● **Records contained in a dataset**
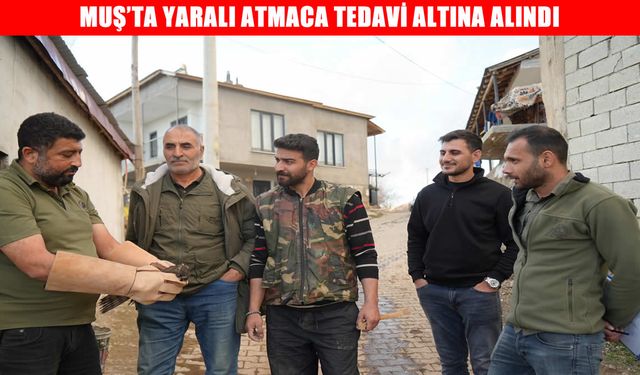 Muş’ta yaralı halde bulunan atmaca tedavi altına alındı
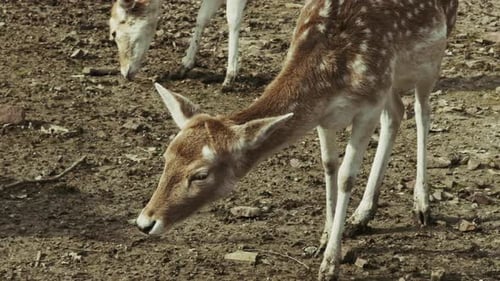 Fallow Deer Grazing Peacefully on a Sunny Day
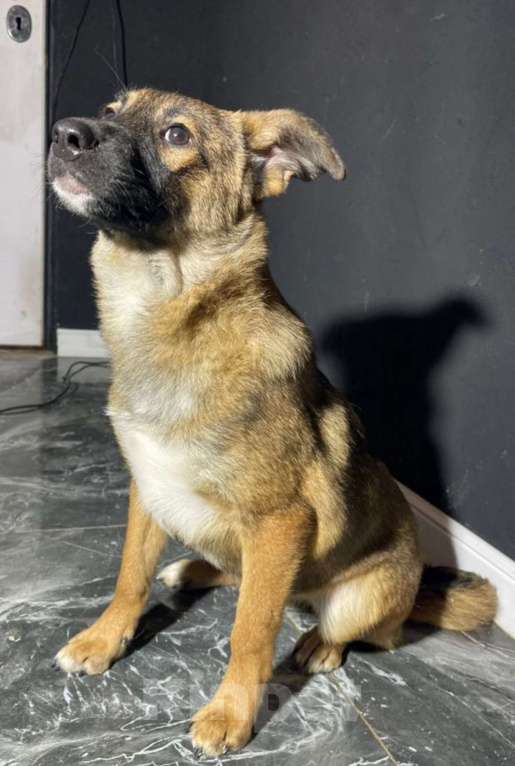 Собаки в других городах Владимирской области: Красотка Мила в добрые ручки Девочка, Бесплатно - фото 1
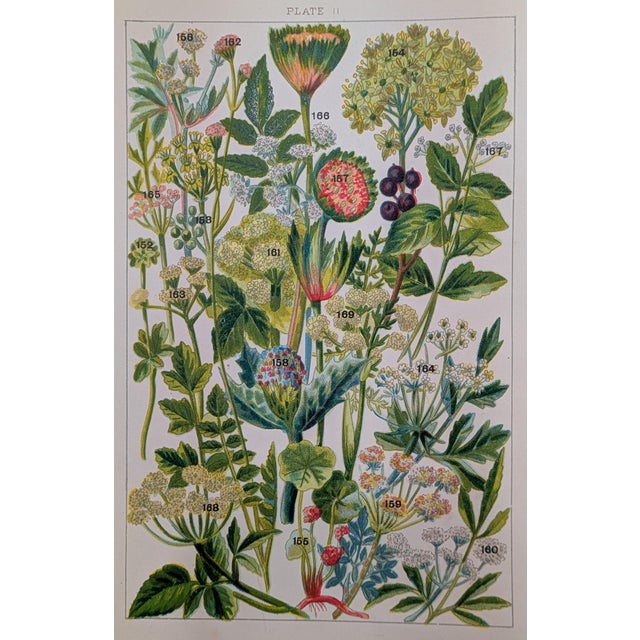 John Allen Victorian Wildflower Chromolithograph Set of 3, c.1891 – Plates 11, 4, 28 For Sale - Image 4 of 5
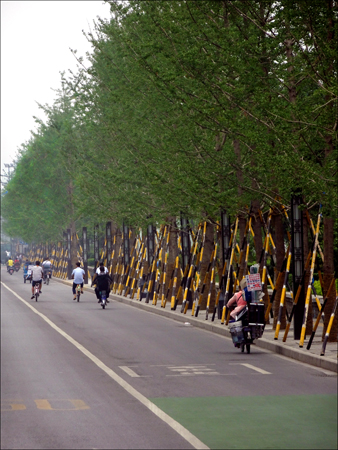 Street in Xi'an
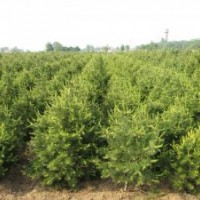 百畝培育，選購(gòu)白皮松，油松的最佳基地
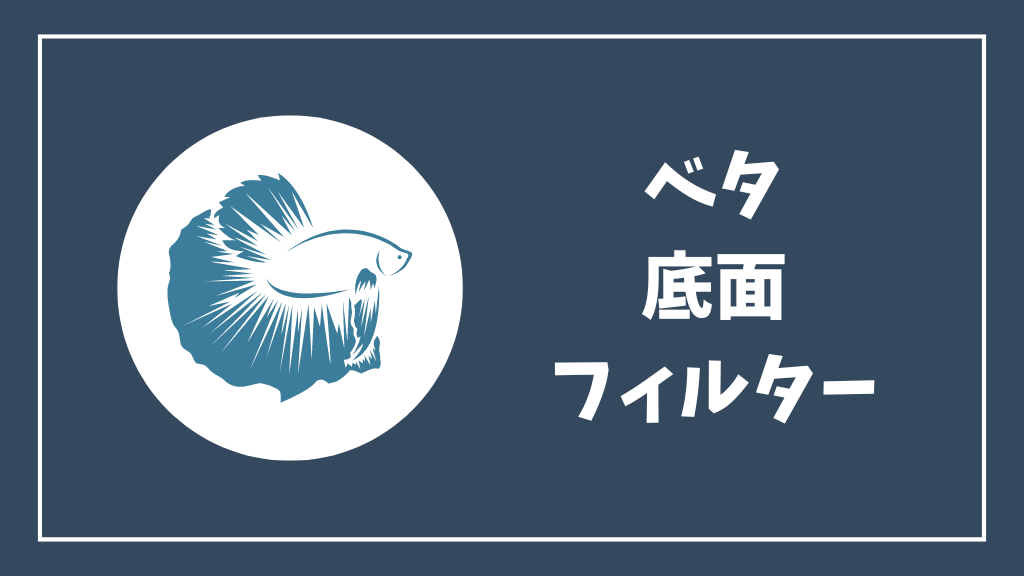 ベタおすすめ底面フィルター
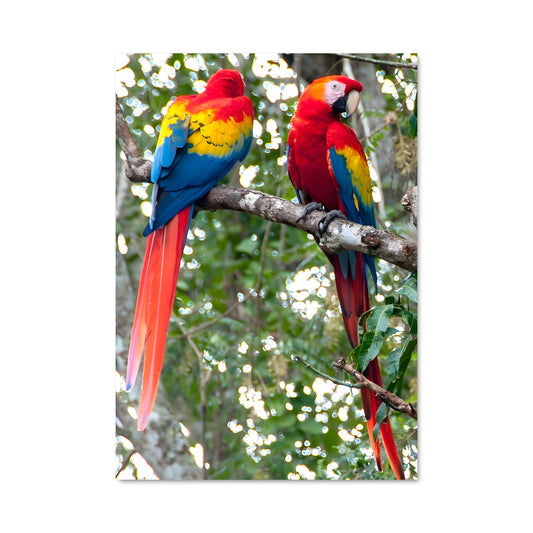 Poster Couleurs Tropicales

● **What you will do**
Retype each line of the data exactly, beginning with the first; include the line containing "Собаки в других" and stop there, skipping every picture.

● **Output**
 Muş’ta yaralı halde bulunan atmaca tedavi altına alındı
 Fallow Deer Grazing Peacefully on a Sunny Day
 Собаки в других городах Владимирской области: Красотка Мила в добрые ручки Девочка, Бесплатно - фото 1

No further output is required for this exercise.